Maximizing jet fuel production (Optimization B) is the only case in which on-site,
dedicated hydrogen production is required. We chose steam reforming of ethanol to model this
step; however many other options are also viable, e.g. reforming of biogas derived from
anaerobic digestion of vinasse, aqueous-phase reforming of sugar, or direct gasification of
bagasse (19). Our model suggests that 18% of sucrose is used to produce hydrogen via ethanol
(Pathway 1b), the remaining 82% is converted to jet fuel via 2,3-butanediol (Pathway 2), and all
hemicellulose is converted to jet fuel via 2-methylfuran (Pathway 4b); the final output is 100%
jet fuel. An attempt to maximize the lubricant base oil production (Optimization C) results in an
allocation similar to Optimization A: all sucrose is processed through Pathway 3b (lubricant via
ABE fermentation) and 29% of hemicellulose is routed through Pathway 4a. The remaining
71% of hemicellulose, is converted to 2-methylfuran, but unlike Optimization A, is ultimately
converted to C45 lubricant via Pathway 4c.

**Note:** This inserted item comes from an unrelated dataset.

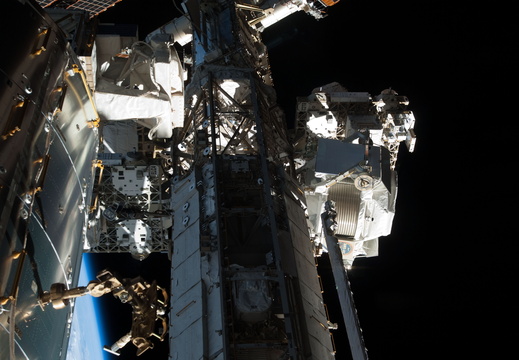 STS135-E-08468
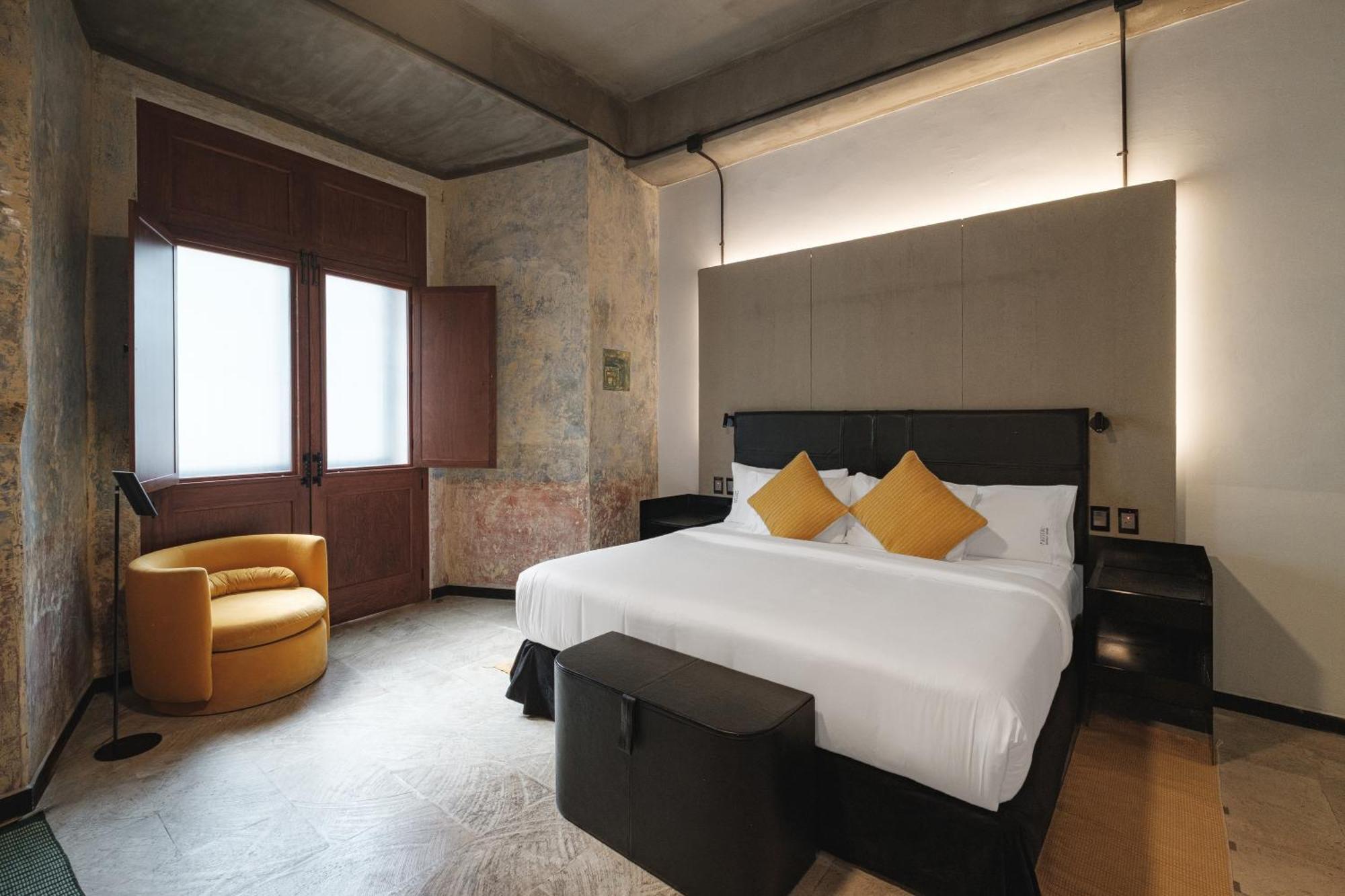 Executive Room,1766237702:JPEG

In each optimization, the GHG-intensity reductions relative to conventional petroleum
products are substantial, ranging from 57% to 81%. Fig. 3 shows GHG emissions broken down
by sectors directly responsible for emissions, including error bars to capture uncertainty
associated with power offset credits for the biorefinery. For example, GHG emissions released
at fertilizer manufacturing facilities are attributed to “Chemicals and fertilizers”, emissions
associated with grid electricity supplied to the facility are represented in “Upstream electricity
use”, and N2O emissions from sugarcane fields resulting from nitrogenous fertilizer application
are attributed to “Sugarcane cultivation and harvesting”. Further details on the life-cycle GHG
inventory are provided in the Supplementary Materials. Optimization B results in greater
emissions related to chemical production than A or C because of the sulfuric acid required for
dehydration of 2,3-butanediol, and subsequent sodium hydroxide needed to neutralize the acid
for disposal. The results for Optimizations A and C are most favorable, but are sensitive to the
uncertain fate of lubricants at their end-of-life.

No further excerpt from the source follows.